Ok this is doing my head in, basically every single site i go to has problems, either after entering my info or getting to payment i just get blank pages or nothing works when i press anything, hells going on, just want a code damnit!


----------



## Kubas_inko (Jun 23, 2018)

I got one from Modchip Direct.
I took about 12 hours.


----------



## maxx488 (Jun 23, 2018)

online-trends gave mine in 5 hours


----------



## roden (Jun 23, 2018)

Online trends page wont load, i just get a blank white page with an 8 on it, modchips direct says unsecure and ony take cards


----------



## maxx488 (Jun 23, 2018)

roden said:


> Online trends page wont load, i just get a blank white page with an 8 on it, modchips direct says unsecure and ony take cards


hmm thats strange.. loads perfectly for me. Its .net though not .com


----------



## Subtle Demise (Jun 23, 2018)

Sounds like an ISP problem. What payment method are you using btw?


----------



## roden (Jun 23, 2018)

I can use pretty much anything, if only i can get a page to load lol


----------



## roden (Jun 23, 2018)

Whats a buck lol


----------



## jakkal (Jun 23, 2018)

roden said:


> Whats a buck lol


Google it


----------



## KommSusserTod (Jun 23, 2018)

online-trends gave mine in 1 hour


----------



## roden (Jun 23, 2018)

buck = the male of some horned animals, especially the fallow deer, roe deer, reindeer, and antelopes


----------



## roden (Jun 23, 2018)

What thats what is said lmao


----------



## codychaosx (Jun 23, 2018)

Use a proxy or VPN? Maybe change you dns to the google DNS 8.8.8.8          thennn 8.8.4.4    (unsure about the secondary DNS :/)


----------



## seba201x (Jun 23, 2018)

Online trends have problems, when i try to place order it does nothing


----------



## CarefulCrysis (Jun 23, 2018)

caved and purchased mine on eBay to save hassle


----------



## maxx488 (Jun 23, 2018)

seba201x said:


> Online trends have problems, when i try to place order it does nothing


maybe everyone is trying to buy from them now and their servers are oversaturated


----------



## roden (Jun 23, 2018)

I tried ebay and could not find a thing, ODD


----------



## CarefulCrysis (Jun 23, 2018)

roden said:


> I tried ebay and could not find a thing, ODD


https://www.ebay.co.uk/itm/Licence-...823812?hash=item4421155b04:g:rYYAAOSwvjBbK~f2


----------



## roden (Jun 23, 2018)

Cheers boss, weird how that did not come up in a search?


----------



## marwanpro (Jun 23, 2018)

That's expensive holy moly


----------



## CarefulCrysis (Jun 23, 2018)

got mine for £30 just couldn't be bothered wasting time


----------



## roden (Jun 23, 2018)

It is isnt it, i managed to get an order in on modchips direct, and just opened a paypal dispute with r4cards.co.uk, dont use them, they are denying ive sent them paymant even though i have emails and screenshots to prove it, and them admitting in the email they had received it.

Tossers.


----------



## jakkal (Jun 23, 2018)

marwanpro said:


> That's expensive holy moly


Convenience is not cheap


----------



## roden (Jun 23, 2018)

well a few quid extra is no problem if you really want something i guess.

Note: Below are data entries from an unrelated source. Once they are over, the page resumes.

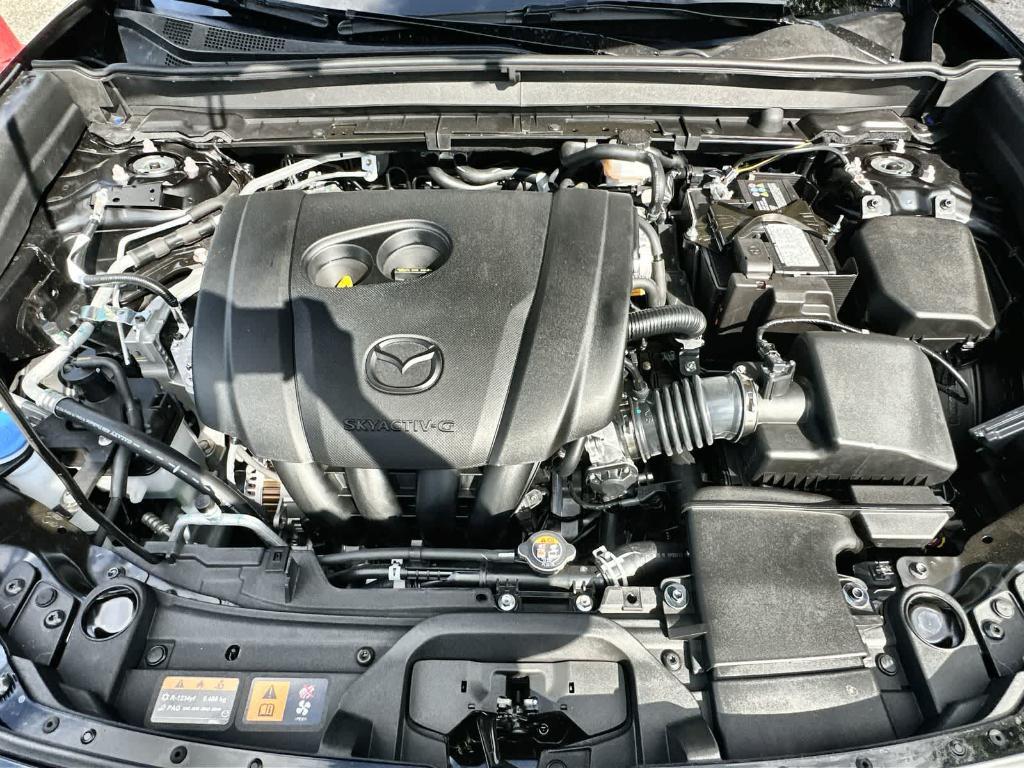 new 2026 Mazda CX-30 car, priced at $31,051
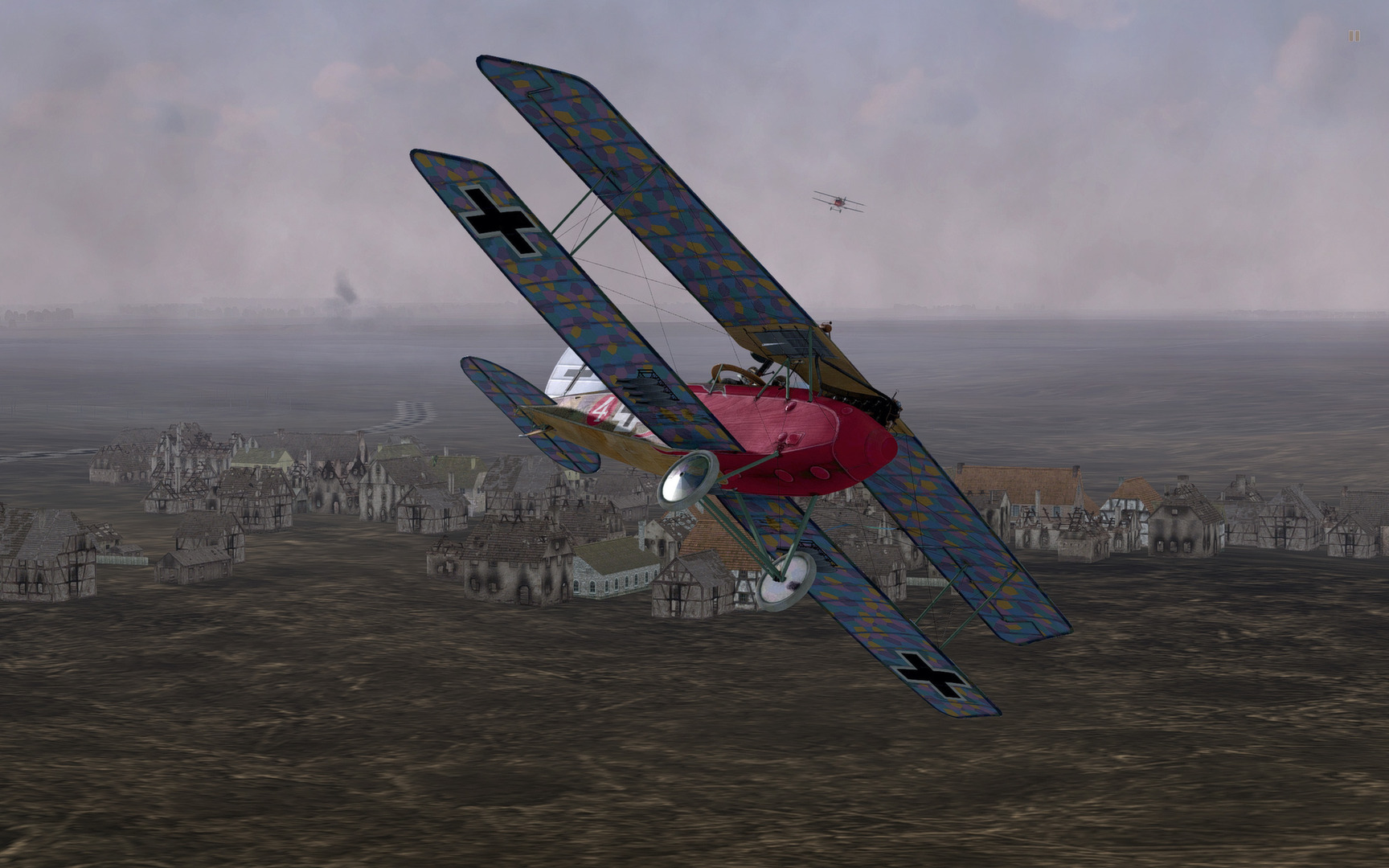 Rise of Flight: Battle of Saint-Mihiel screenshot 3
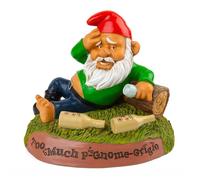 Big Mouth: Gnome Hungover Garden (Gnomo Da Giardino) - AA.VV.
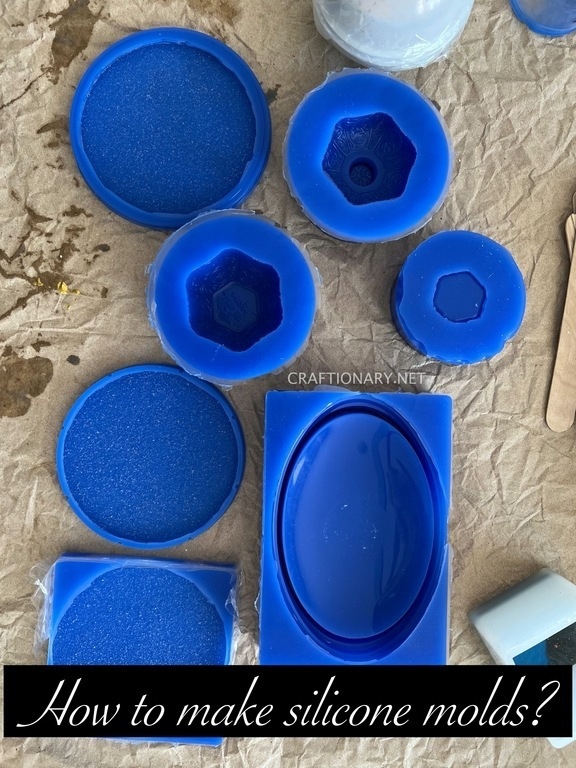 Make silicone soap dish molds with housing kit? - Craftionary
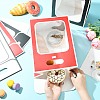 12Pcs 4 Styles Paper Packing Tote Bags ABAG-CJ0001-07-4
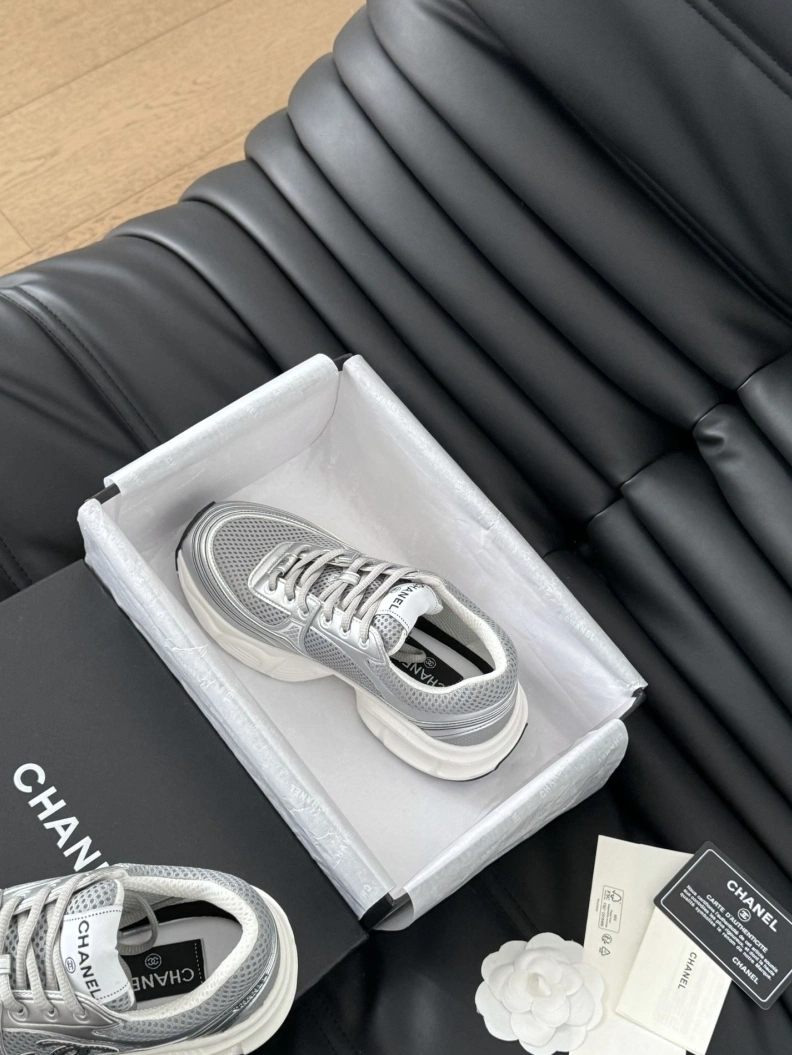 AllSeason Chxnxl Casual Shoes 121525
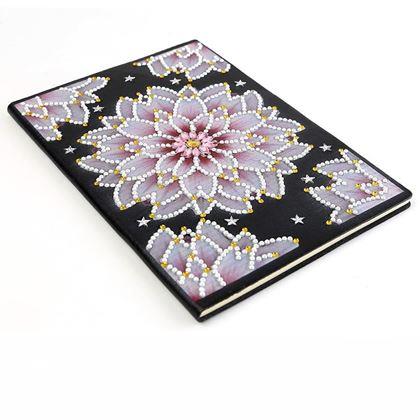 Obrazek z Upiększ swój notatnik  -  kwiatek
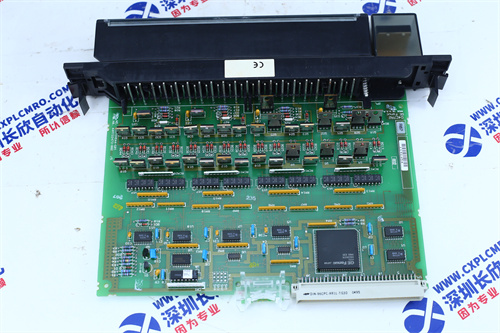 YASKAWA CIMR-HB4A0006FBC输出模块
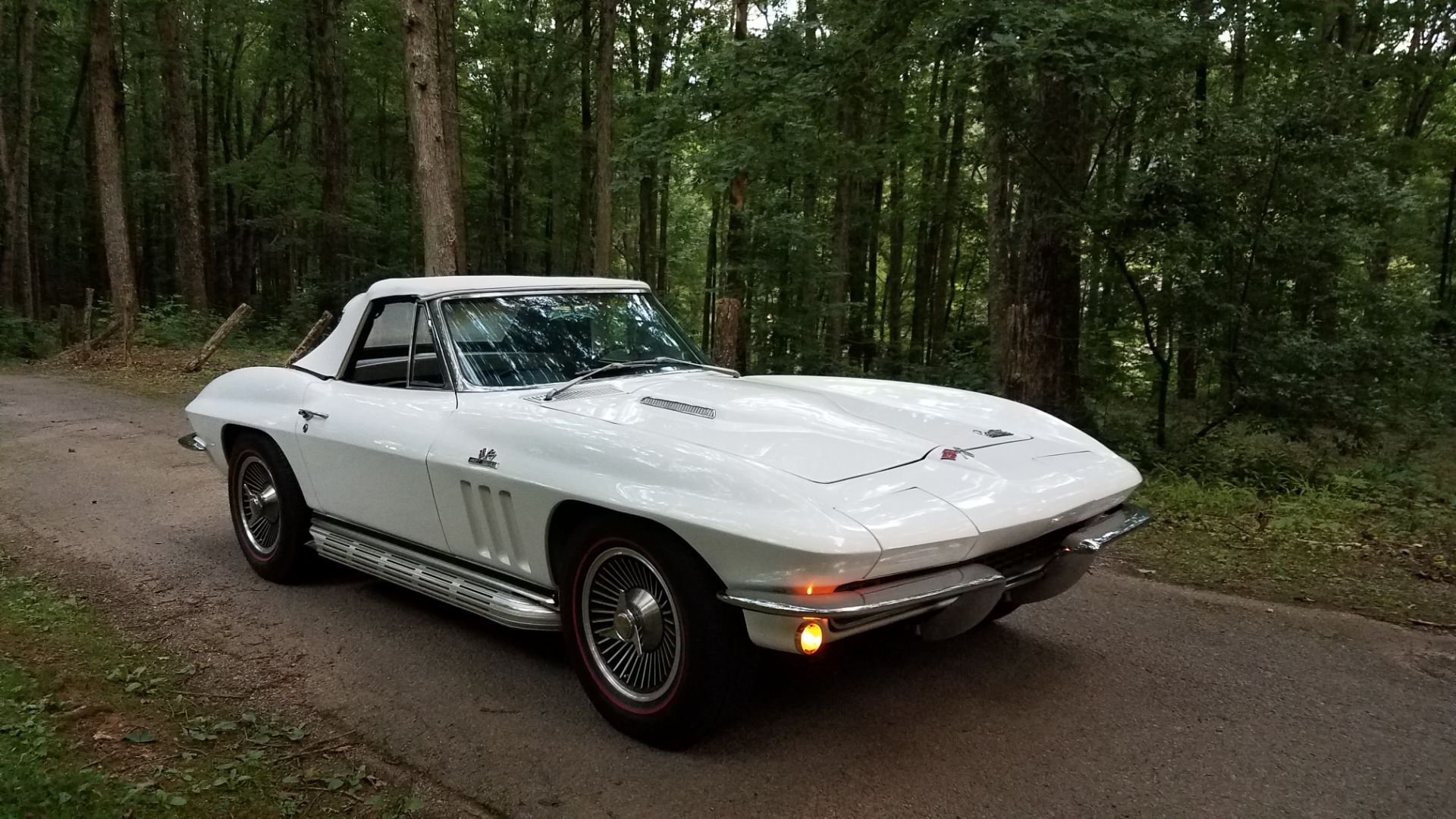 1966 chevrolet corvette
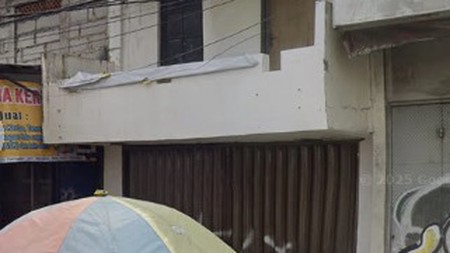 Disewakan! Ruko lokasi strategis di Jalan Raya Pasar minggu, Jakarta selatan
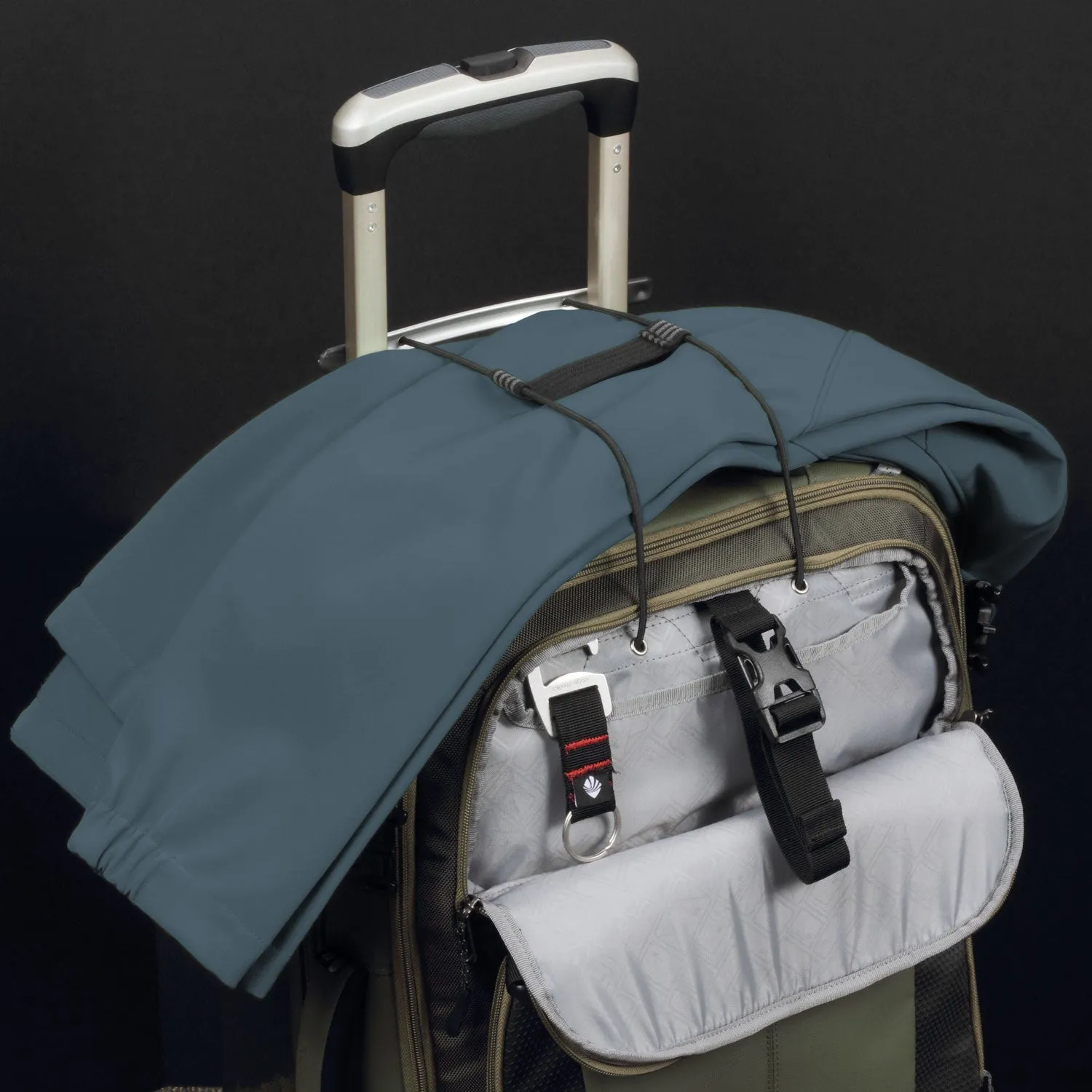 Eagle Creek Tarmac AWD 22" 4-Wheel Carry-On Luggage Bags Eagle-Creek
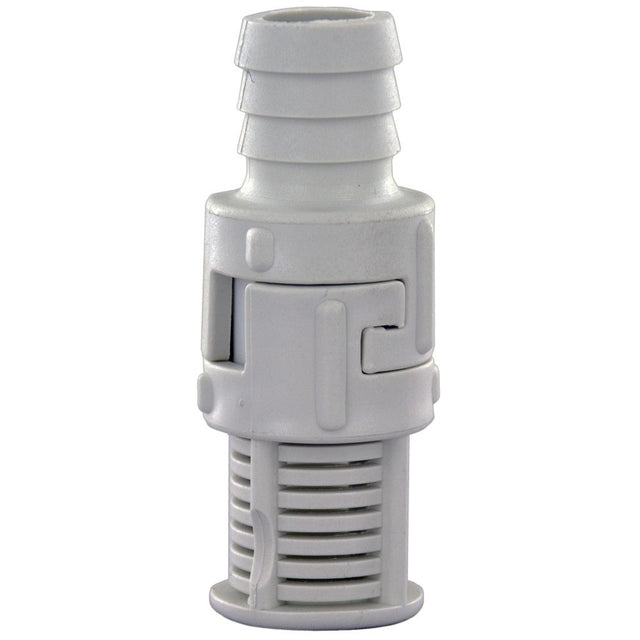 Colder DrumQuik 2479003 Foot Valve Viton O-Ring 1/2 Hose Barb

Its up to the buyer.


----------



## Echoklang (Jun 23, 2018)

I think I will send my (of course unused) license

I bought it for day one, but the stuff happening with banning is scaring me and atmosphere is a big step to free


----------



## roden (Jun 23, 2018)

I dont give a rats about banning, ive modded every single console doable and never play online, so no issues. Its mainly so the kids can get what they want anyway.


----------



## seba201x (Jun 23, 2018)

jakkal said:


> Convenience is not cheap


I accept, pm sent


----------



## roden (Jun 23, 2018)

Hes in good man , well just threatened r4card with some serious stuff, and guess what, instant refund on my pro, dont need it anyway. all sorted just waiting on a key grrrr


----------



## Echoklang (Jun 23, 2018)

roden said:


> Hes in good man , well just threatened r4card with some serious stuff, and guess what, instant refund on my pro, dont need it anyway. all sorted just waiting on a key grrrr



Should I sell my key?


----------



## roden (Jun 23, 2018)

well i need another for the kids console so up to you


----------



## dgr1592 (Jun 23, 2018)

sky-3ds, aprox 15-20 min


----------



## roden (Jun 23, 2018)

f


dgr1592 said:


> sky-3ds, aprox 15-20 min



feck


----------



## gamer4lif3 (Jun 23, 2018)

Got code in 15min paid with paypal thou since no ssl.

http://jeux-linker.com/


----------



## jakkal (Jun 23, 2018)

Sold my extra one earlier


----------



## gamemasteru03 (Jun 23, 2018)

Echoklang said:


> I guess level 1 can't start dm :c


It's not based on levels. It's based on how many times you have posted. I think you need like 10 posts to dm.


----------



## Echoklang (Jun 23, 2018)

gamemasteru03 said:


> It's not based on levels. It's based on how many times you have posted. I think you need like 10 posts to dm.


Sad, really would need that key :c

But have fun with it, you were faster


----------